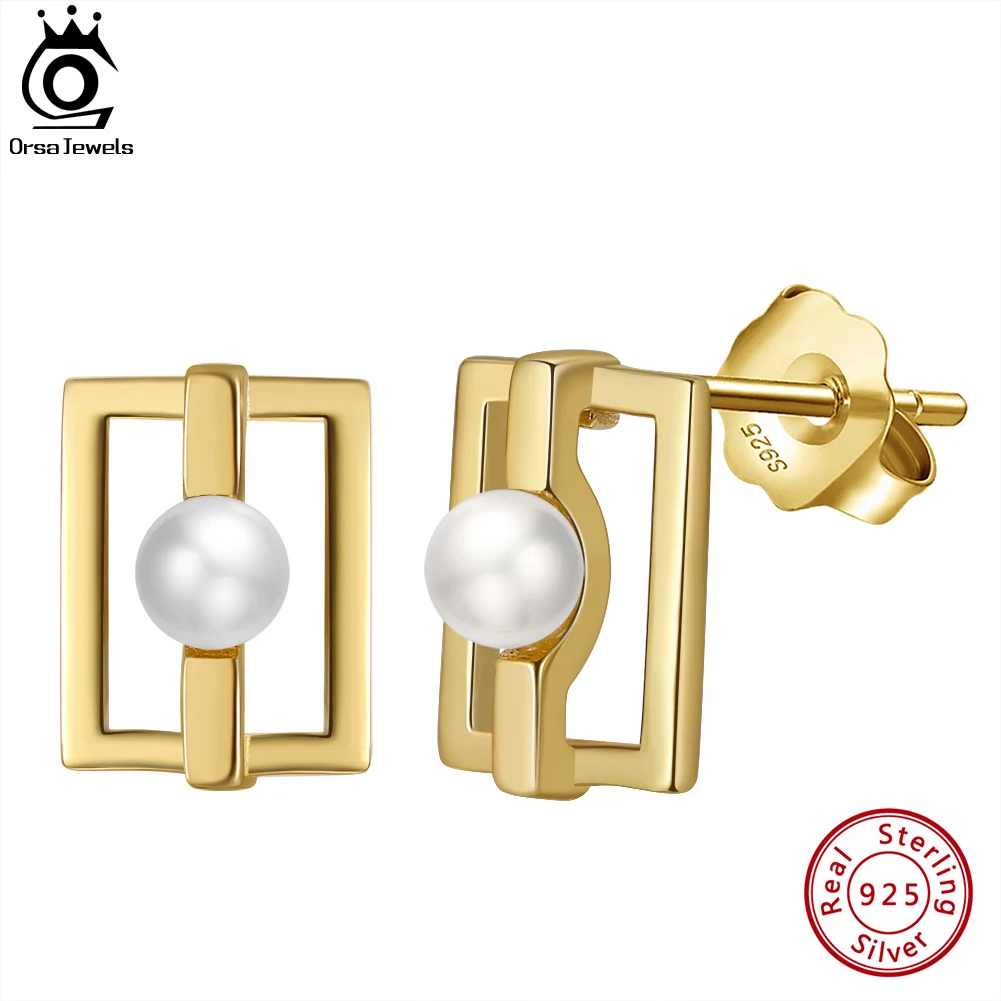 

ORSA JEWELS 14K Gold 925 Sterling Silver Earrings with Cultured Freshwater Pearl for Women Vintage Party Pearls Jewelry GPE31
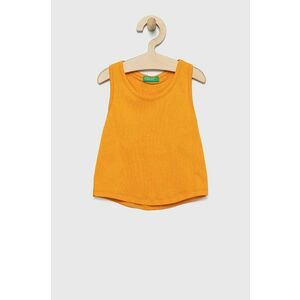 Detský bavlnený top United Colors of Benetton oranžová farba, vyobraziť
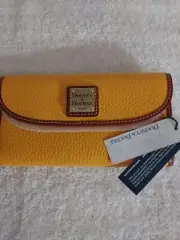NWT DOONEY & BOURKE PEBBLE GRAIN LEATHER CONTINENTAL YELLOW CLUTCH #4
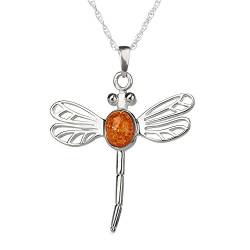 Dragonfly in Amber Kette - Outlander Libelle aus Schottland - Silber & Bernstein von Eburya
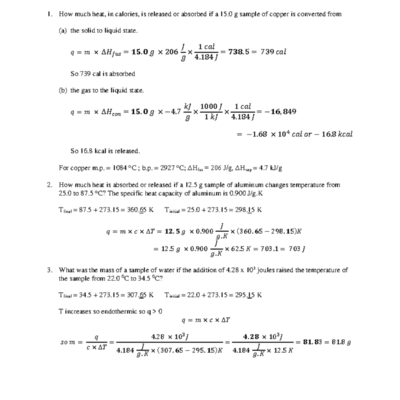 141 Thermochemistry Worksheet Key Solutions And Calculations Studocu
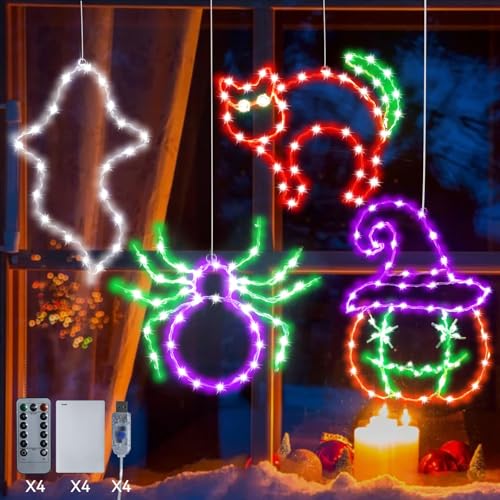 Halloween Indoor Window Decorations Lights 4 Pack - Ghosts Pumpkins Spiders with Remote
==
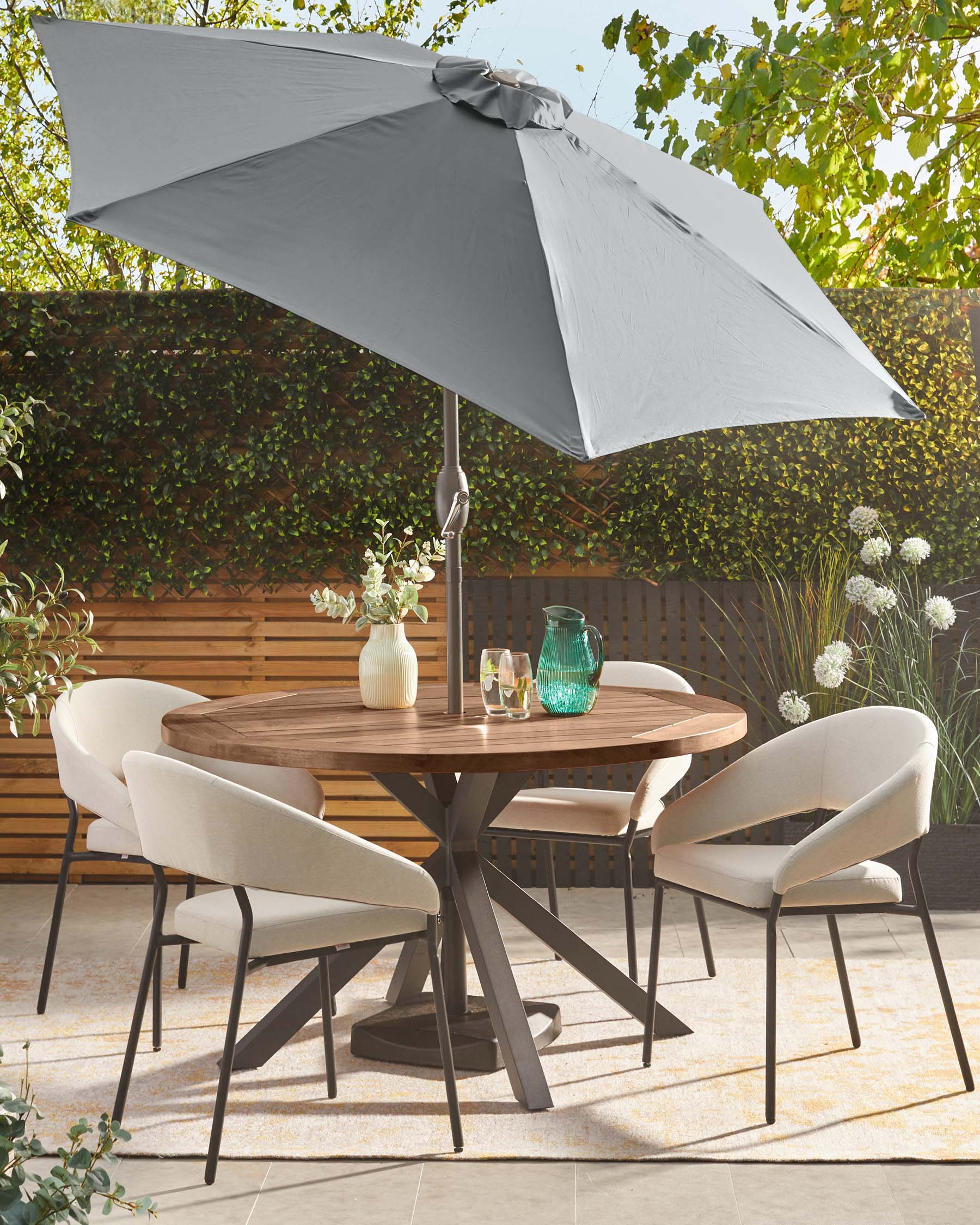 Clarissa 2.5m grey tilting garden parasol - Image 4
==
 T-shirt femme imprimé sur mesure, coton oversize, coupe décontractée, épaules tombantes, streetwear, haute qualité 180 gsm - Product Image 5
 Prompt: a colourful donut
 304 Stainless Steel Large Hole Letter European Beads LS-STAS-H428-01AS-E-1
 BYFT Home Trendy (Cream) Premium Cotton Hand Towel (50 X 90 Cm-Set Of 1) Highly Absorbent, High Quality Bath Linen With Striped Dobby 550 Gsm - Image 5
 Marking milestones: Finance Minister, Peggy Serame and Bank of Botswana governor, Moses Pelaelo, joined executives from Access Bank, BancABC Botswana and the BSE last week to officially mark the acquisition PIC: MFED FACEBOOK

[TASK DIRECTIONS]: Look above for the line with "ORSA JEWELS 14K"; quote it and every line after it, stopping after the line with "Halloween Indoor Window", exactly, with nothing added and without pictures.

[WRITTEN SOLUTION]:
ORSA JEWELS 14K Gold 925 Sterling Silver Earrings with Cultured Freshwater Pearl for Women Vintage Party Pearls Jewelry GPE31
 Detský bavlnený top United Colors of Benetton oranžová farba, vyobraziť
NWT DOONEY & BOURKE PEBBLE GRAIN LEATHER CONTINENTAL YELLOW CLUTCH #4
 Dragonfly in Amber Kette - Outlander Libelle aus Schottland - Silber & Bernstein von Eburya
 141 Thermochemistry Worksheet Key Solutions And Calculations Studocu
 Halloween Indoor Window Decorations Lights 4 Pack - Ghosts Pumpkins Spiders with Remote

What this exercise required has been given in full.